Personal information
- Born:: October 18, 1995 (age 29) Mountlake Terrace, Washington, U.S.
- Height:: 6 ft 2 in (1.88 m)
- Weight:: 252 lb (114 kg)

Career information
- High school:: Mountlake Terrace
- College:: California
- NFL draft:: 2018: 7th round, 225th pick

Career history
- Minnesota Vikings (2018–2019); New York Giants (2019–2020);

Career NFL statistics
- Total tackles:: 37
- Fumble recoveries:: 1
- Pass deflections:: 1
- Stats at Pro Football Reference

= Devante Downs =

American football player (born 1995)

Devante Downs (born October 18, 1995) is an American former professional football player who was a linebacker in the National Football League (NFL). He played college football for the California Golden Bears.

==Professional career==
===Minnesota Vikings===
Downs was selected by the Minnesota Vikings in the seventh round (225th overall) of the 2018 NFL draft. He finished his rookie year with two tackles.

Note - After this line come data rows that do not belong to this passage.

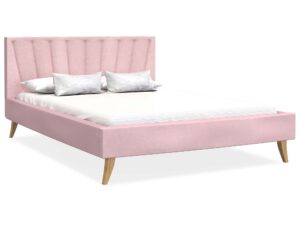 miniaturka Tapicerowane łóżko na drewnianych nóżkach BONNIE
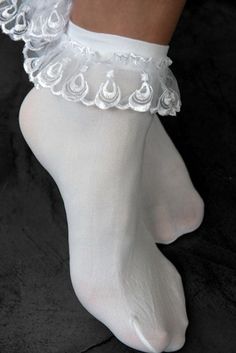 Lace Ruffle Anklet | Leg Avenue | Sock Dreams Pretty Socks, Ruffle Socks, Frilly Socks, Ruffled Socks, Sock Outfits, Jeans With Heels, Foot Socks, Lace Gloves, Leg Avenue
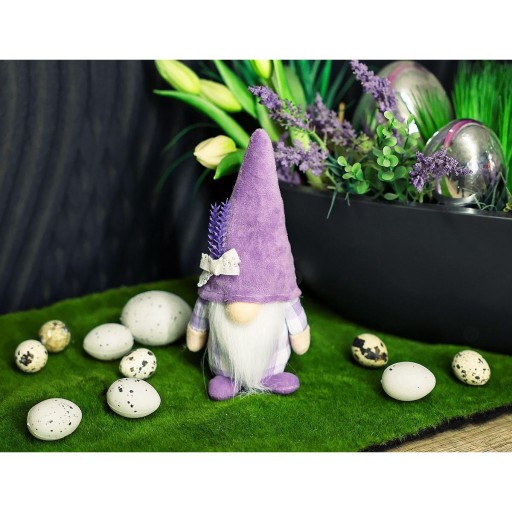 TRPASLÍK ZAJÍČIK GNOME FIALOVÝ MATERIÁL 20CM SASKA GARDEN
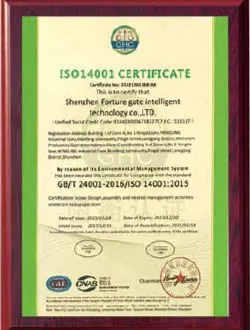 ISO 14001 environmental management certificate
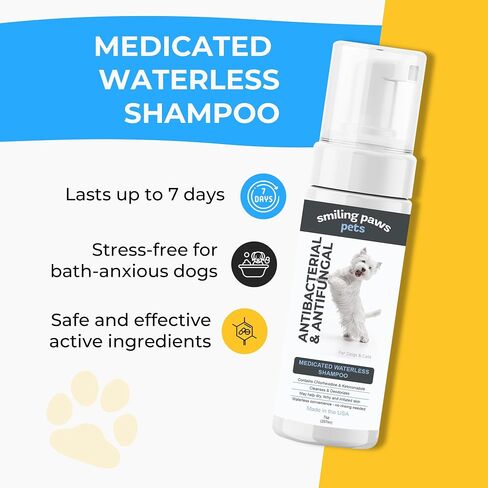 Smiling Paws Pet Shampoo for Dogs & Cats - Dog Shampoo for Smelly Dogs - Fresh Cucumber Scent (16oz) in Saudi Arabia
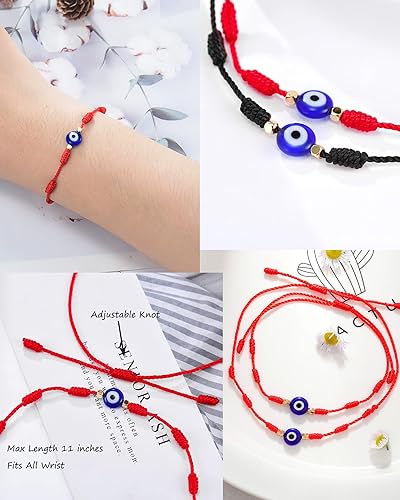 Miniatura 4 de 7 Knots Evil Eye Bracelet for Women Men Baby,Red Balck String Pink Evil Eye Protection Good Luck Matching Couples Jewelry Gifts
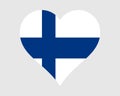 Finland Heart Flag. Finnish Finn Love Shape Country Nation National Flag. Republic of Finland Banner Icon Sign Symbol. EPS Vector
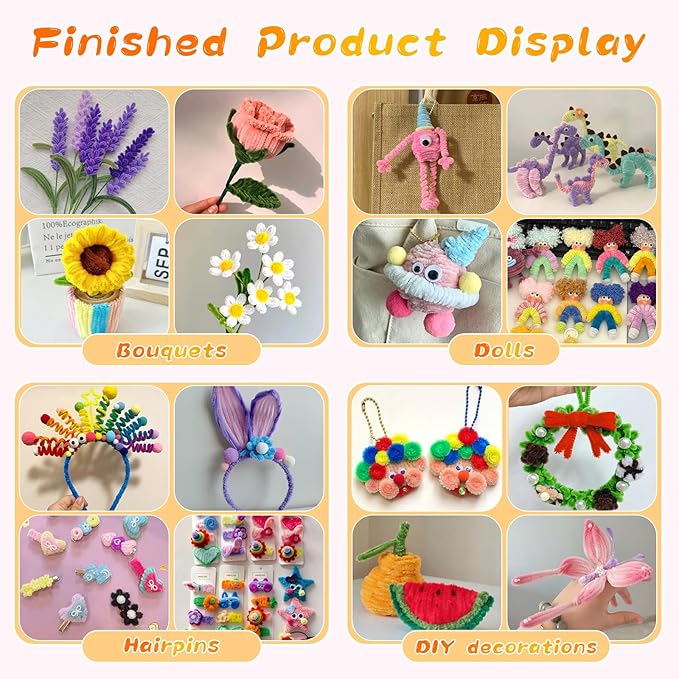 Pipe Cleaners Craft, 100Pcs Pipe Cleaners Supplies for Flower Making, Chenille Stems Pipe Cleaners for Festivals DIY Hand Arts Decorations Making/Light Pink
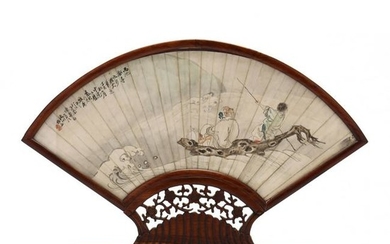 A Chinese Fan Painting of the Explorer Zhang Qian on a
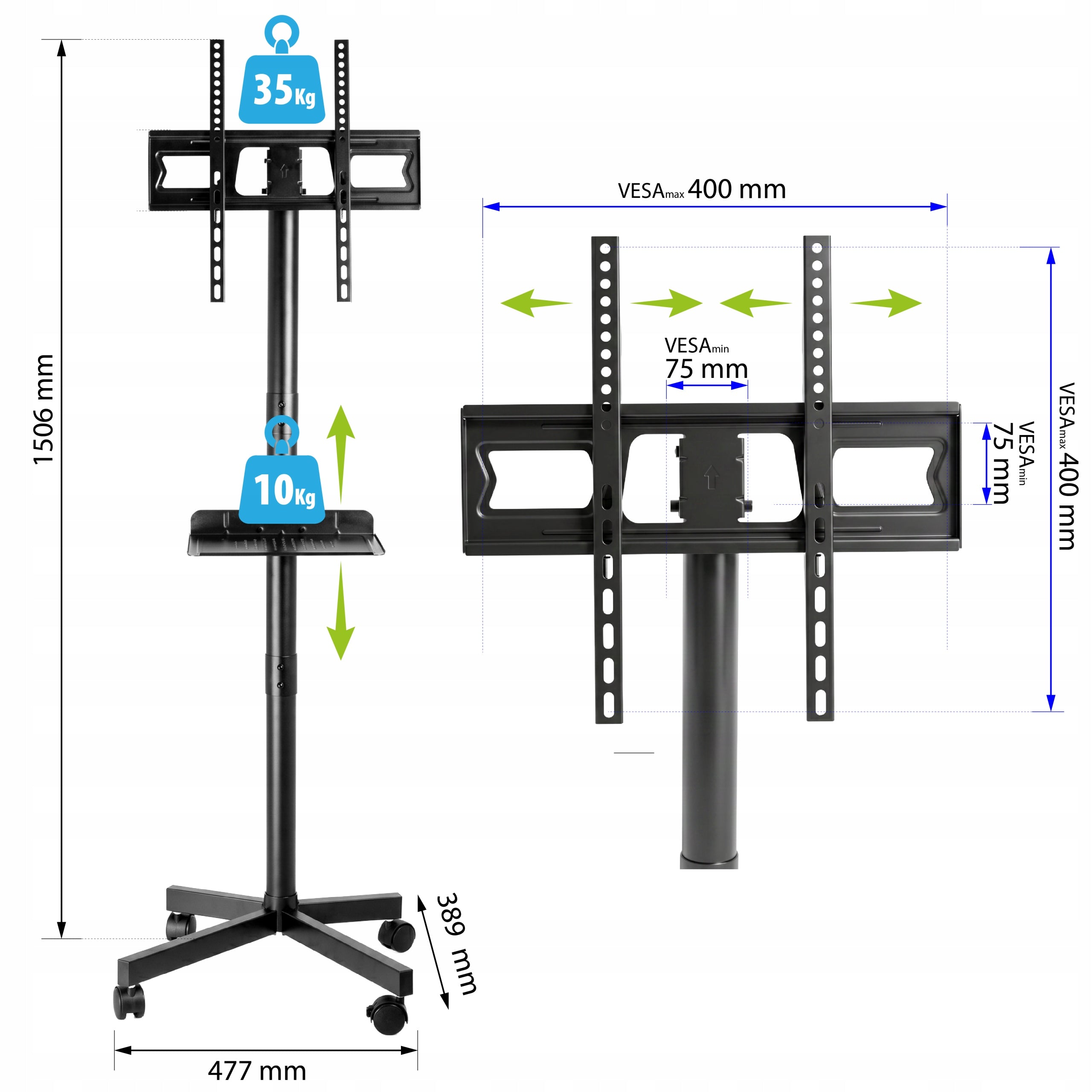 MOBILE TV STAND ADJUSTABLE WITH SWIVEL SHELF WHEELS 23-60 INCHES Manufacturer code 0137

On August 31, 2019, Downs was waived by the Vikings and was signed to the practice squad the next day. He was promoted to the active roster on September 14, 2019. He was waived on September 24, 2019.

===New York Giants===
On October 1, 2019, Downs was signed to the New York Giants practice squad. He was promoted to the active roster on October 22, 2019.

In Week 1 of the 2020 season against the Pittsburgh Steelers on Monday Night Football, Downs recovered a muffed punt by Diontae Johnson during the 26–16 loss.

Downs re-signed with the Giants on March 24, 2021. He was waived on August 31, 2021.